A teacher in a science classroom smiles as he presents a physics lesson.

Testing our New Air Track in 11th Grade Physics

At the end of our third year, Founders Classical Academy of Leander was honored with the Salvatori Prize for Excellence in Teaching. The award came with a $25,000 prize, and earlier this year some of those funds went toward the purchase of a telescope and an air track for the science department. Several weeks ago I visited Mr. Berndt’s 11th grade physics class to see the air track in action.

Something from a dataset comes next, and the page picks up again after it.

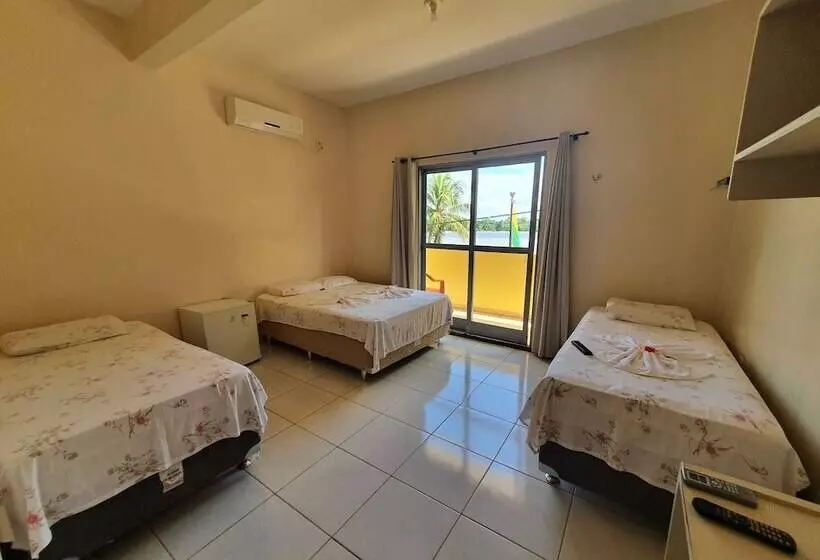 ホテル Ilha Bela Soure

Mr. Berndt was demonstrating that mechanical energy is a conserved quantity within a closed system and in the absence of friction. First, the class saw that kinetic energy is always conserved for ideal colliding bodies, even if it is differently distributed between mass and velocity. Second, they saw that there is further conservation between gravitational potential energy and kinetic energy, and that both of these quantities are somehow measures of one and the same thing. Finally, Mr. Berndt demonstrated that there is even total conservation between gravitational potential energy, kinetic energy, and elastic potential energy.

Although these experiments do not tell us what energy is, they do suggest that by considering motion and change in terms of energy transfers, we are approaching one of the most fundamental and universal principles of material being. These experiments also show us that although physical laws may be abstractions based on particular physical events, they are no less true for being ideal.